Explain PCA and L2 Normalization in Machine Learning
Scenario
Experian DataLabs Data Scientist technical screen — a machine-learning deep-dive on the modelling choices used in your project, mixed with conceptual questions (some OA / multiple-choice style).
Question
Walk through the core ML concepts behind a binary-classification project, covering preprocessing, modelling, optimization, and evaluation:
-
Explain how PCA achieves dimensionality reduction and why you would (or would not) apply L2 normalization before training.

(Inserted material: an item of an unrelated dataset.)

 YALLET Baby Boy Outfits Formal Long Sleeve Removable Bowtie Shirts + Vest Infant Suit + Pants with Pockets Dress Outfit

Distinguish per-column standardization from per-sample (row) L2 normalization, and say when each matters.
-
Derive the logistic-regression gradient via back-propagation, then generalize: describe how backpropagation works in modern multi-layer neural nets.
-
What baseline models did you compare against, and why did you ultimately choose logistic regression?
-
Define knowledge-informed machine learning and give a concrete example.
-
When and how would you move the classification threshold to improve FPR or TPR? Can you improve both FPR and TPR at the same time by moving a single threshold?
Hints
Discuss eigenvectors/explained variance, maximum-likelihood gradients (prediction error × input), the chain rule through layers, ROC/PR curves and cost-sensitive thresholds, model-selection criteria, and domain priors/constraints.
Constraints & Assumptions
-
Preserve the scope, facts, inputs, and requested outputs from the prompt above.
-
If the prompt leaves a detail unspecified, state a reasonable assumption before relying on it.
-
Keep the answer interview-ready: concise enough to present, but concrete enough to implement or evaluate.
Clarifying Questions to Ask
-
Clarify the task, data shape, labels, constraints, and evaluation metric.
-
State assumptions behind the math or modeling technique you choose.
-
Connect theory to practical training, debugging, and deployment implications.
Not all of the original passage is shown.